Leaning back matters, because it gets the rider's weight off the forehand (the front legs). The horse needs to lift his front to strike off at the canter. The inside leg at the girth causes the horse to bend a bit, encouraging him to pick up the correct lead (inside front leg). 

Hope this helps.


----------



## Fayewokf (Jul 9, 2013)

I can't wait to try again. Trainer asked me to carry a whip, but I thought it was one more thing I have to worry about. I've only been back to riding for 3-4 times after not touching or looking at a horse for 13 years....

Maybe I will wait till my lower legs are not so retarded before I start cantering again.


----------



## updownrider (Mar 31, 2009)

Faye- A lot of school horses respect a crop but do not need you to use it.

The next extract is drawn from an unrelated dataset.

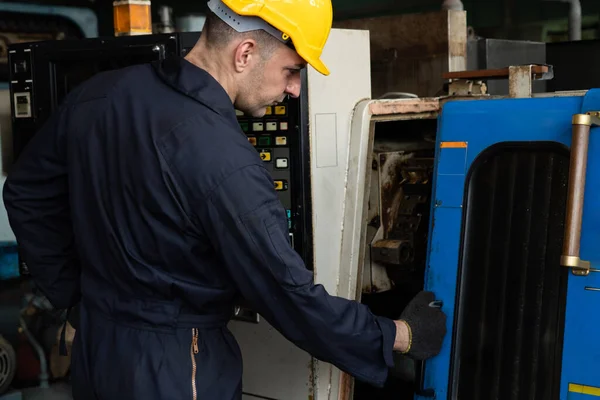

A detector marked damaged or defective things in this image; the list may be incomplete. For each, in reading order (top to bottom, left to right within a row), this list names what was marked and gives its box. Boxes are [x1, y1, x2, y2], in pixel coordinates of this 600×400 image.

rusty metal part [370, 239, 412, 268]
rusty metal part [564, 112, 596, 276]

Just carrying it goes a long way as a motivator. 

If you are picking up the canter from the trot, keep a feel with the inside rein to control speed. You do not want your horse to trot faster. As mentioned above, keep your inside leg against your horse. A trick is to think of inside leg as a brick wall, and to try to push your outside leg against that brick wall. Hope this helps.


----------



## equine24 (Aug 7, 2013)

I have heard this story from many other people and I'm the same way if its not my horse. What helped my balance is I pretend that I need to push the saddle up the horses neck with my center and thighs (sorry not to technical on lessons) it helps me to sit up and kind of flow with the motion. I also found watching a million videos on just watching the horse move in a canter. I watch their body from head to tail and down to the hoof. If you understand how a horse moves then you can understand how you should move. 
Take your time and enjoy the ride!!!!


----------



## Joe4d (Sep 1, 2011)

LOL,, I am afraid of the trot, I canter everywhere.


----------



## howrsegirl123 (Feb 19, 2012)

Ask for the canter like this-pick up inside rein, outside leg back to push hindquarters over, then squeeze and give a big kiss. This puts the horse's body in the correct position to canter from a walk. Has worked every time for me.
Don't just let the horse rush into it because he can't trot any faster. Start again, give clear, firm aids, and then the canter will he much better as a result. 
_Posted via Mobile Device_


----------



## mrstorres2566 (Apr 25, 2013)

IDK! I hate cantering! I used to love it, but then I stopped riding for 8 years and recently started again. I get nervous sometimes at a fast trot because posting isn't coming to me as easy as it used to. That, and my horse has THE CHOPPIEST trot ever. Today I rode English for the first time ever, and he bounced my left foot out of the stirrup. Scared me to death for a moment, but I was able to regain my composure. I don't think I will be cantering for atleast a few weeks.


----------



## SammysMom (Jul 20, 2013)

I'm working through a similar issue. I was leasing a horse with a really "big" canter (he's still a little green, and I'm a lot green), and the trainer I was with would do the scream routine and I'd get all nervous and the canter would basically be me desperately trying to balance. Since I wasn't really _riding_ the canter so much as holding on for dear life, I wasn't controlling the horse and he would take it as an opportunity to run like a deranged dreidel around the arena. Eventually I had my other trainer come out and she pointed out the fact that I threw all my aids away when I went into the canter and they came back when I dropped to trot, which I hadn't realized on my own. After that I focused really intently on _riding_ at the canter, and things got better so fast it was funny. You might be much more advanced, so please don't take this the wrong way, but if you're anything like me, I'd suggest just forcing yourself to do it a few times and really exaggerating your cues. For me, it made the horse listen, and then I felt a lot more in control, which relaxed me tons.


----------



## Ted Love Forever (Aug 17, 2013)

(most) Riding school horses always take more effort to get moving. You are asking the right way, and there is no reason your instructor should get mad at you. Just be stronger when you ask, and use the outside leg more so you can make sure he is on the right leg.


----------